The MJD Foundation partners with Aboriginal & Torres Strait Islander communities to support families living with Machado-Joseph Disease (MJD) and Spinocerebellar Ataxia Type 7 (SCA7) by providing specialised knowledge and supports. We collaborate to conduct research, providing hope for the future, and use our influence for change so people living with MJD and SCA7 live stronger for longer.
Gayangwa is a Warnindilyakwa woman of Groote Eylandt. She is 80 years old, and Machado-Joseph Disease has been a part of her life for as long as she can remember. Her father developed the disease when he was an older man, and all 6 of her brothers and sisters were affected by their 40s. She was the primary carer for two of her sisters’ children for over 15 years.
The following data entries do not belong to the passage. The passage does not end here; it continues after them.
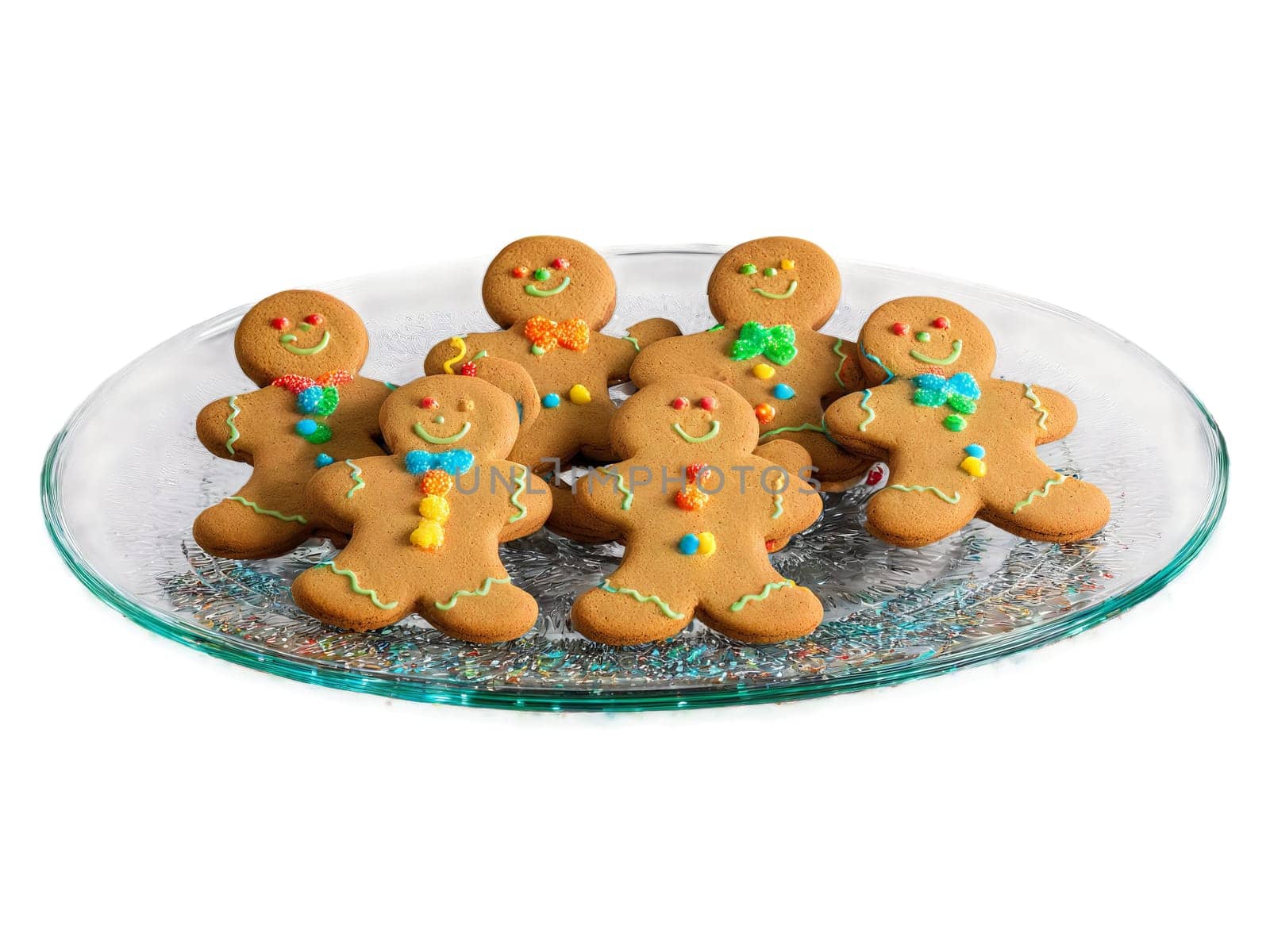 Cookies gingerbread men with colorful icing arranged on a transparent glass plate festive and fun. Food isolated on transparent background.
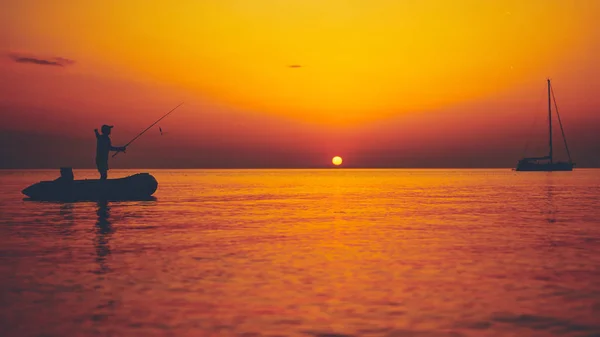 Silueta de un pescador pescando al atardecer en mar abierto — Foto de Stock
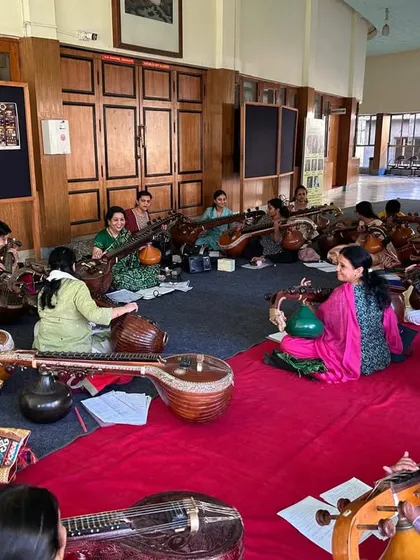 Here we are, deep in preparation for a massive 50-member veena ensemble concert. I lead these interactive workshops where musicians of all levels come together to learn and create something beautiful as a group.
Now the third generation of her family is sick – her 21 year old niece passed away in 2014, and she has nieces, nephews and grandchildren with the disease. Few people have the insight and experiences living with the disease that Gayangwa has, and she brings to her role within the MJD Foundation a fierce determination to improve life for her family. Her journey through ‘shame’ and ‘blame’ to proud champion is an encouragement to the many people she meets, and her quiet dignity and perseverance for them is an inspiration.
My name is Gayangwa Lalara and this is my community.
I am a Warnindilyakwa woman.
Names are important to Aboriginal people.
Aboriginal people have names for everything, because it is important to identify and understand.
When this sickness came to our community many years ago, we didn’t know its name or what it was or how to stop it.
We didn’t know how to care for our sick people.
This sickness did not respect my family and took away 2 of my sisters and a 2 of my brothers. I have, for 15 years, cared for 2 of my sister’s children, and now I see younger ones in my family are sick. My 14-year-old niece is now in a wheelchair.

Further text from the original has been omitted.